Tenho que confessar que estava perdida com aquela garota. Toda vez que ela me olhava com aqueles olhos de menina indefesa, eu cedia para praticamente tudo que ela quisesse. Entramos, enfim. Sem bater nem nada, porque Marina tinha uma chave. Débora estava sentada no sofá sujo e rasgado que um dia deve ter sido florido. Agora era apenas um tecido desbotado e manchado.
— Vejo que trouxe a sua guarda-costas. Por quê? Você acha que vou fazer alguma coisa contra você? — disse Débora, assim que me viu.
Marina não gostou de ouvir isso e senti sua mão tremer entre meus dedos. Não era fácil pra ela estar ali. E Débora não parecia querer facilitar. Quando ela se virou pra mim, percebi seu rosto cheio de raiva, medo e frustração. Uma aura negra a envolveu e eu soube o quanto aquele lugar lhe fazia mal. Imersa em sombras, Marina parecia ainda mais com sua mãe: o mesmo rosto, a mesma linha perfeita do maxilar, a pele morena apenas uns tons mais clara, os cachos negros maiores e mais soltos, diferenças sutis. Mas o que era realmente diferente eram os olhos, mais claros, com seu tom quase cor de mel, e infinitamente mais fortes. Ela era só uma menina, mas jamais se deixaria envolver por aquela atmosfera negativa que a mãe lhe trazia. Era simplesmente forte e boa demais para isso.
— Ela não é minha guarda-costas. É minha amiga e está cuidando de mim. Você devia ter mais respeito, porque ela salvou sua vida. Se ela não estivesse aqui pra chamar a ambulância a tempo... — disse ela me defendendo, sua voz rígida mostrando que ela estava no controle daquela situação.
— Tá, tá, não precisa ficar nervosa. Eu sei que você tem razão. Obrigada, loira.
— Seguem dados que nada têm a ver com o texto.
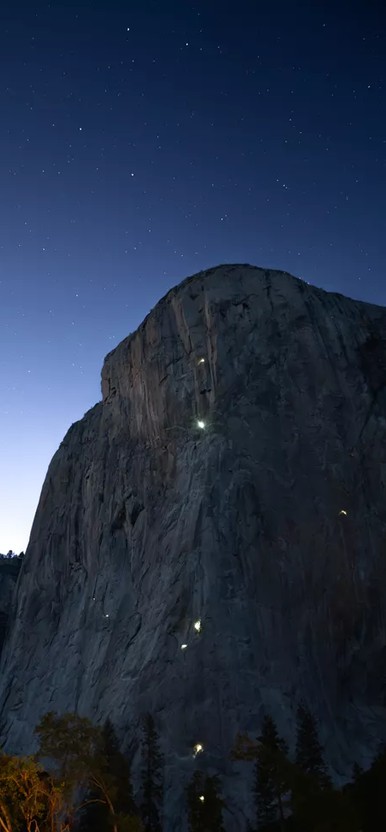 mountain face with lights from climbers head lamps just after sunset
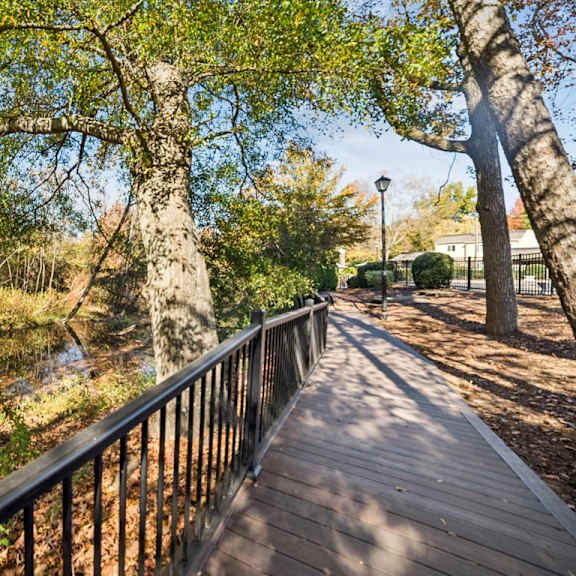 a wooden walkway with a metal railing runs through a wooded area at lakecrest apartments, prg real estate management, greenville, sc, 29615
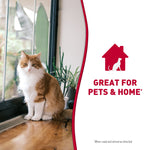 Long-haired orange-and-white cat sitting on a windowsill beside a graphic saying great for pets & home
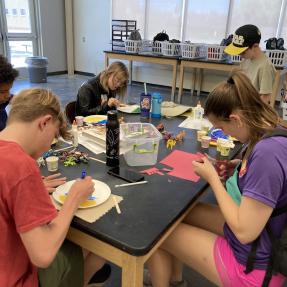 Amico campers creating an arts and crafts project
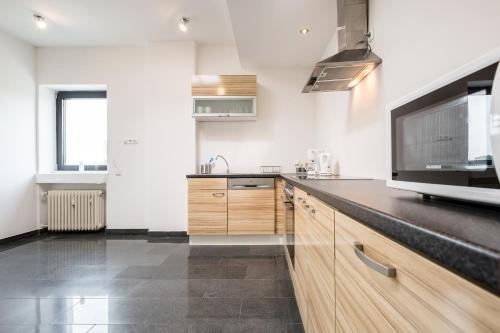 a kitchen with white walls and a black counter top at Work & stay Langenfeld in Langenfeld
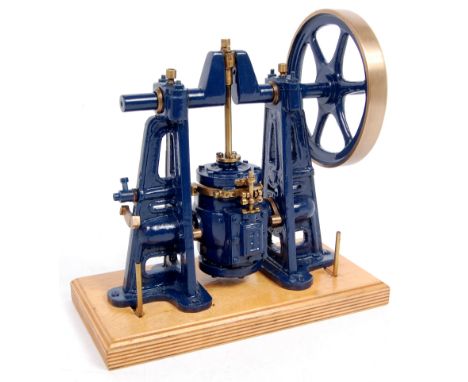 An un-usual compressed air or gas fired single cylinder scratch built vertical steam engine, comprising of central raised osc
— Não tem de quê — respondi. — Meu nome é Clara, aliás.
— Certo, Clara. Você pode me dar um minuto com minha filha?
— Não! Ela fica! — gritou Marina, interrompendo minha saída.
— Tudo bem — disse Débora. — Eu só queria te dizer que sinto muito por ter feito todas as coisas que fiz com você, e que estou feliz que você tenha encontrado alguém que faz por você o que eu não pude, mesmo se ela quiser alguma coisa em troca.
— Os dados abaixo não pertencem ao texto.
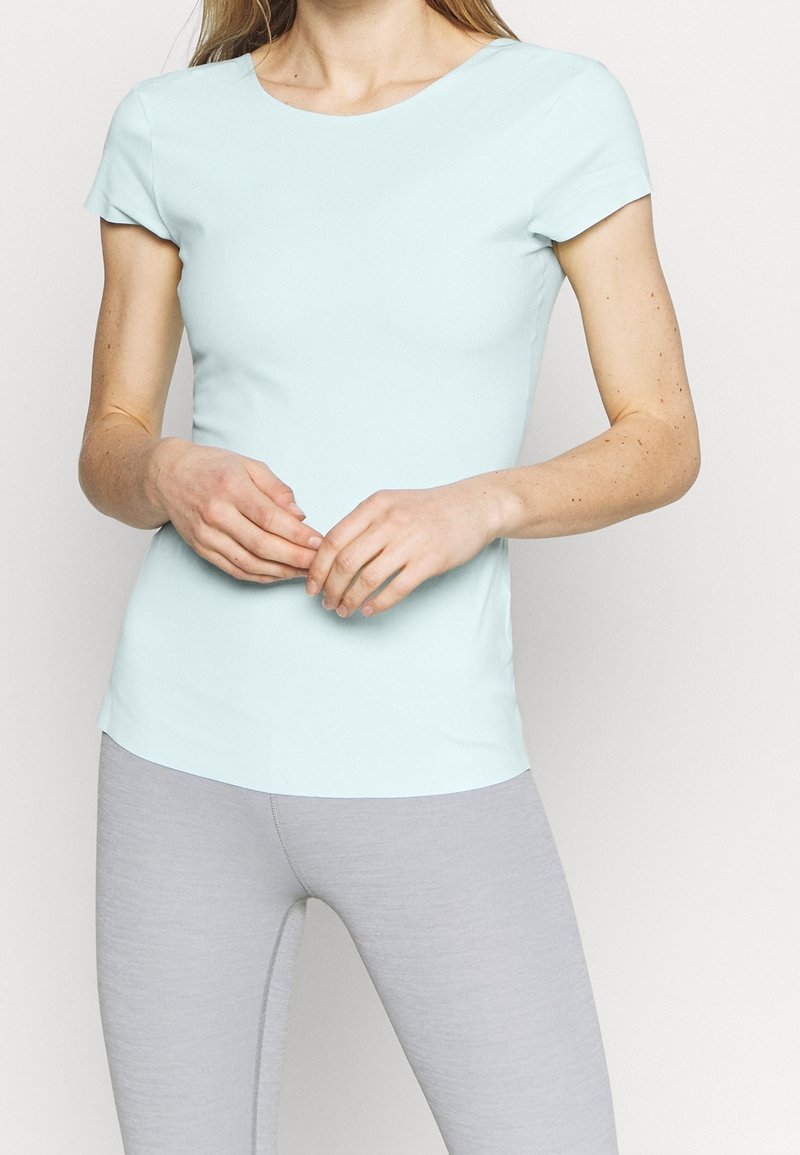 Camiseta ajustada de manga corta color azul claro, hecha de una tela suave, con un escote redondeado, combinada con unos pantalones tipo leggings de color gris claro.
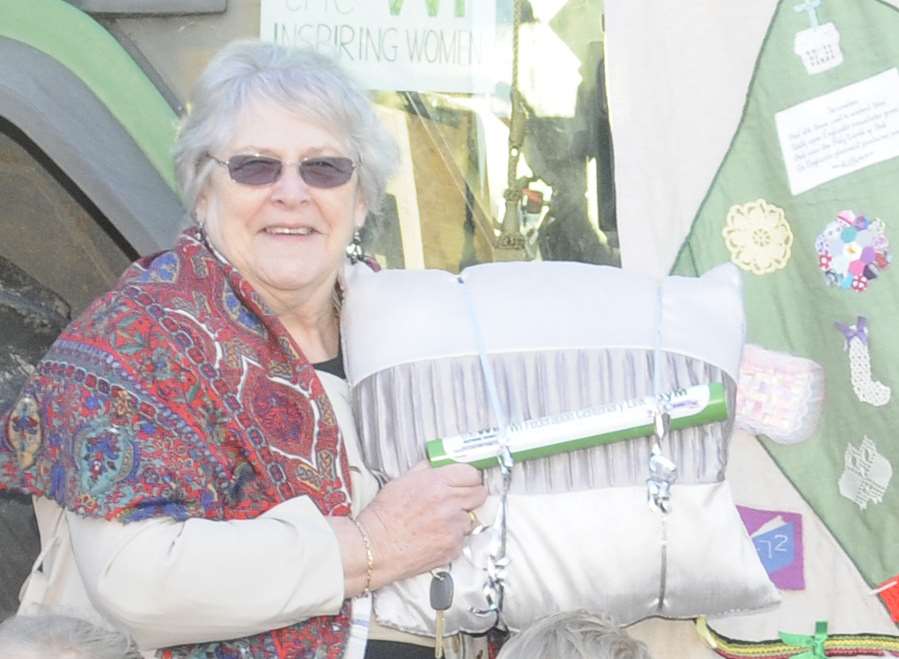 Beryl Ravensdale, vice chairman of East Kent federation WI, with the baton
— Eu não quero nada em troca — me defendi. — Eu só encontrei alguém que precisava de ajuda e ajudei. Não há nada além disso.
— Tá certo, loira. Eu só quero que você saiba que isso é temporário. Quando eu quase morri, percebi que não quero ir embora. Está cedo demais ainda. Os médicos me disseram que eu preciso tomar juízo, porque de outra dessa eu não escapo, que eu já abusei demais do meu corpo e da minha saúde. Eu só dou graças a Deus que a Marina nunca quis se meter com essas coisas. Não sei como, mas ela é uma menina ajuizada. Lá no hospital me disseram que tem uma clínica de reabilitação de caridade, eles vão conseguir uma vaga pra mim lá. Quando eu sair, eu queria tentar de novo, minha filha. Eu queria tentar ser sua mãe. Você acha que a gente consegue?
— Eu... Acho que podemos tentar — respondeu Marina com voz relutante, mas seus olhos se encheram de esperança.
— Você pode me dar um abraço?
Marina hesitou novamente. Acho que não porque ela não quisesse, mas, ao contrário, porque parecia ser algo que ela quisesse muito. É estranha a sensação de finalmente ter diante de si algo que você sempre desejou. Eu toquei as costas dela, impulsionando-a ligeiramente para frente. O primeiro passo forçado pareceu libertar os demais e num instante elas estavam nos braços uma da outra.
— Eu vou sair dessa, minha filha. Eu te prometo.
— É o que eu mais quero, mãe.

O cômodo para mim se encheu de luz. Era algo que eu podia enxergar, mesmo quando ninguém mais podia: esperança.